Portrait of John Steinbeck

John Steinbeck

1902–1968 · 1 quote

John Ernst Steinbeck (1902–1968) was an American writer and novelist, and one of the most widely read authors of the 20th century. He won the 1962 Nobel Prize in Literature for realistic and imaginative writing that combined sympathetic humor with keen social perception. He also worked as an independent journalist and war correspondent during World War II and the Vietnam War.

Quotes by John Steinbeck

About John Steinbeck

John Ernst Steinbeck was an American writer and novelist born on February 27, 1902, in Salinas, California, and he became one of the most widely read authors of the 20th century. His work grew out of an era marked by rural labor, the Great Depression, war, and social strain. He also worked as an independent journalist and as a war correspondent during World War II and the Vietnam war. In 1962, he won the Nobel Prize in Literature “for his realistic and imaginative writings, combining as they do sympathetic humor and keen social perception.”
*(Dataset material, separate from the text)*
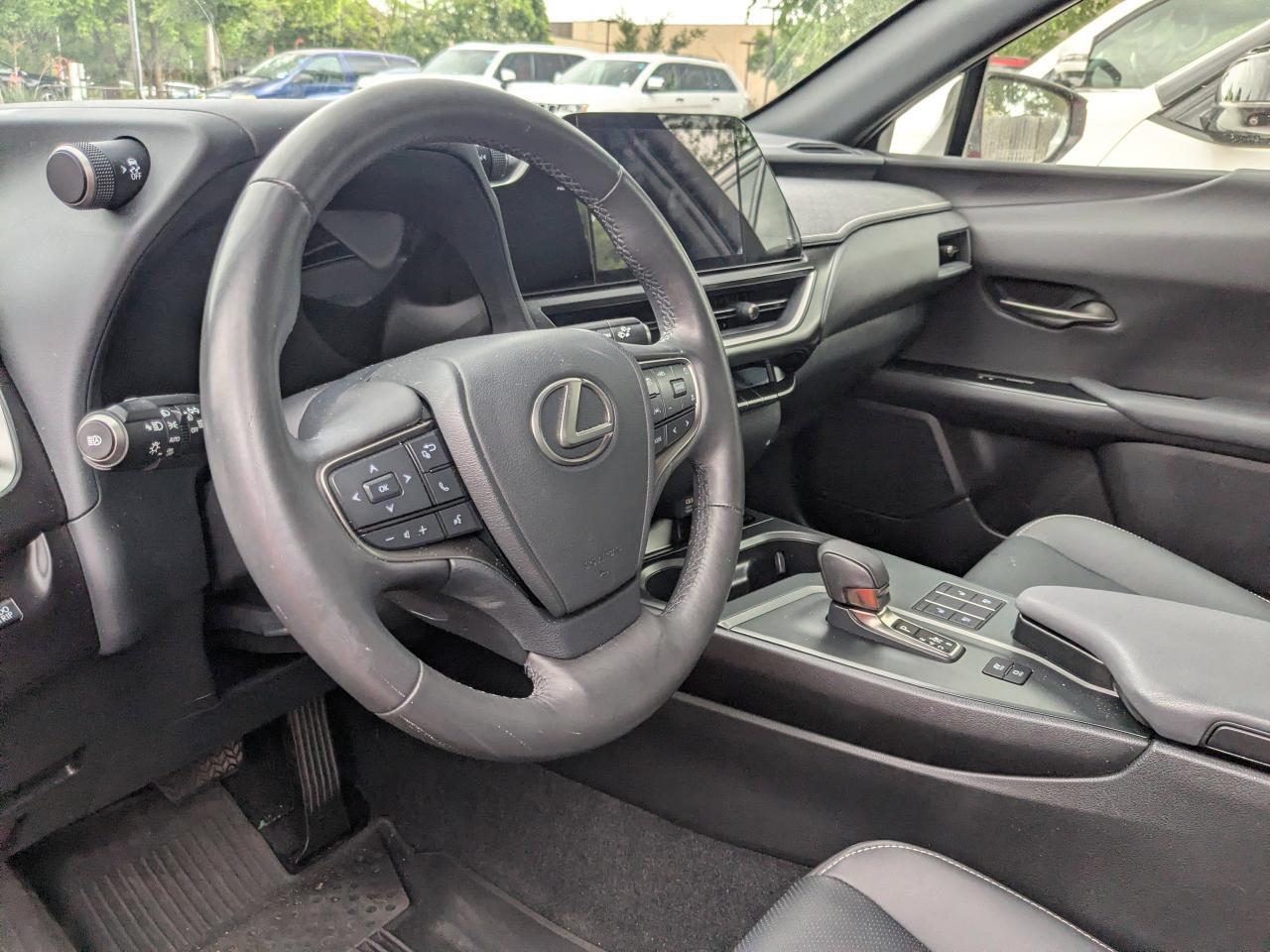 2025 Lexus UX 300h F SPORT Design San Antonio TX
Across his career, Steinbeck wrote 33 books, including 16 novels, 6 non-fiction books, and 2 collections of short stories, with one book coauthored with Edward Ricketts. He is best known for books such as Tortilla Flat, published in 1935, Of Mice and Men, published in 1937, The Grapes of Wrath, published in 1939, Cannery Row, published in 1945, and East of Eden, published in 1952. The Grapes of Wrath won the Pulitzer Prize and is considered part of the American literary canon. By the 75th anniversary of its publication, it had sold 14 million copies.

Steinbeck’s imagination was rooted in central California. Much of his writing uses settings from his native region, especially the Salinas Valley and the California Coast Ranges. As a young man, he spent summers working on nearby ranches, including the Post Ranch in Big Sur, and later labored with migrant workers on Spreckels sugar beet farms. Those experiences taught him about the harsher parts of migrant life and gave him material later expressed in Of Mice and Men. His books often explored fate and injustice, especially as they affected downtrodden or everyman characters.
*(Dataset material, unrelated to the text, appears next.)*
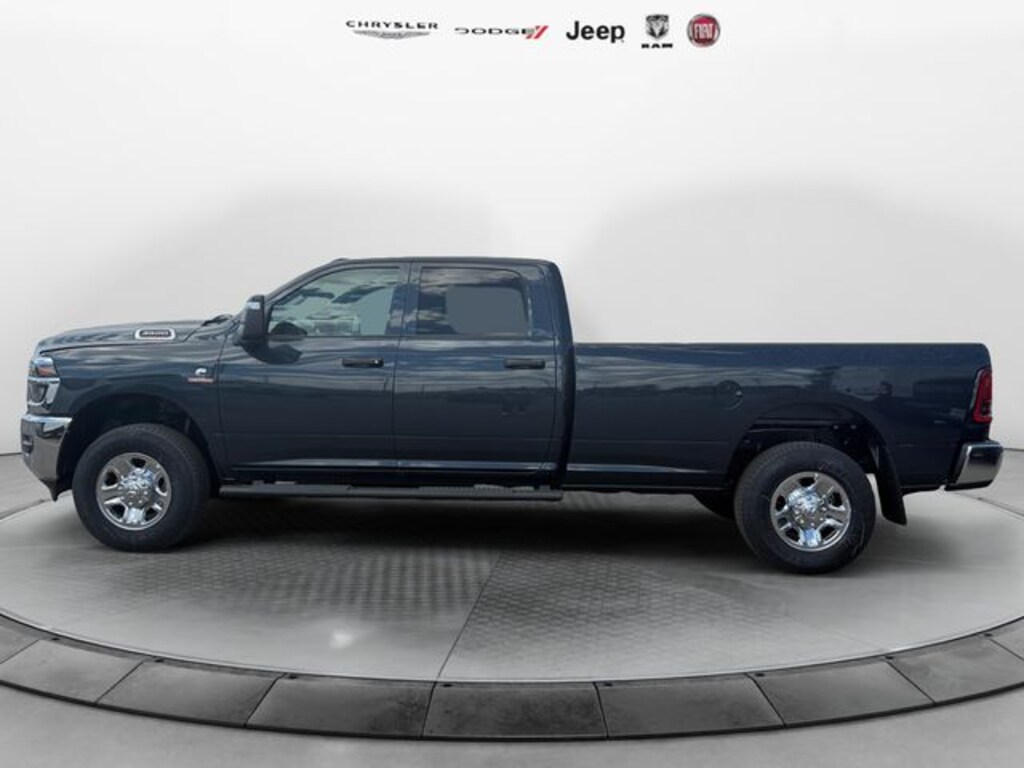 New 2026 Ram 3500 TRADESMAN CREW CAB 4X4 8' BOX Pickup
His early life also helped shape the way he thought. His mother, Olive Hamilton, had a passion for literature, and Steinbeck studied English literature at Stanford University before leaving without a degree in 1925. After time in New York City taking odd jobs while trying to write, he returned to California. During the Great Depression, he and his first wife, Carol Henning, lived in Pacific Grove, where his father provided housing, paper for manuscripts, and loans that allowed him to keep writing. When food was scarce, they lived at times on fish, crabs, garden vegetables, and local farm produce, and they shared what they had with friends.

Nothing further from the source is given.